[Data block]

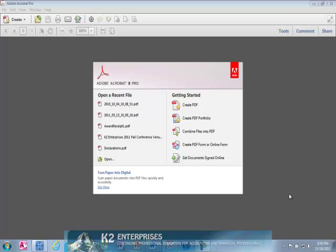However, all of the files in a portfolio appear as a single PDF document. Further, while you can apply security settings at the portfolio level by using the security features provided by Acrobat, you can also apply security settings at the individual document level using the security features of the application that created the document.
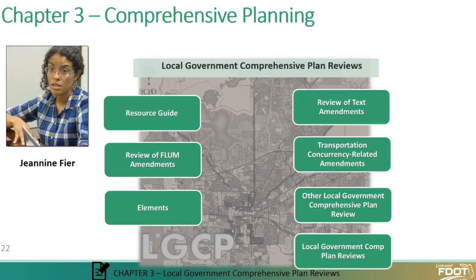Janine is going to do the rest of the presentation here. She's from CDM Smith and, as I said, a major editor of this handbook. I am going to ask Janine to take away my keyboard and mouse control so she can take over completely and I can sit back.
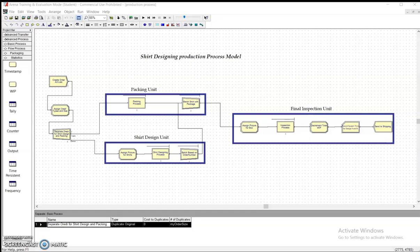There are two basic shirt designs: design A and design B. Design B is more popular than design A. When an order arrives, about 70 percent of the time it is for design B and 30 percent for design A.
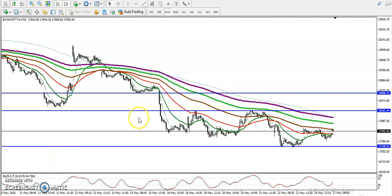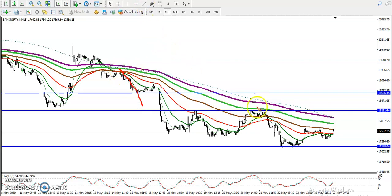This is Bank Nifty on the 15-minute chart. We have seen a clear downtrend, and the price is following the 150 moving average. You can see price bouncing from the 150 MA, and right now price is just near and just below this moving average.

[/Data block]

Exercise: What you need to copy is the run of lines from the one holding "Janine is going" through the end of the data, exactly and only, both ends included, pictures omitted.

Task output:
Janine is going to do the rest of the presentation here. She's from CDM Smith and, as I said, a major editor of this handbook. I am going to ask Janine to take away my keyboard and mouse control so she can take over completely and I can sit back.
There are two basic shirt designs: design A and design B. Design B is more popular than design A. When an order arrives, about 70 percent of the time it is for design B and 30 percent for design A.
This is Bank Nifty on the 15-minute chart. We have seen a clear downtrend, and the price is following the 150 moving average. You can see price bouncing from the 150 MA, and right now price is just near and just below this moving average.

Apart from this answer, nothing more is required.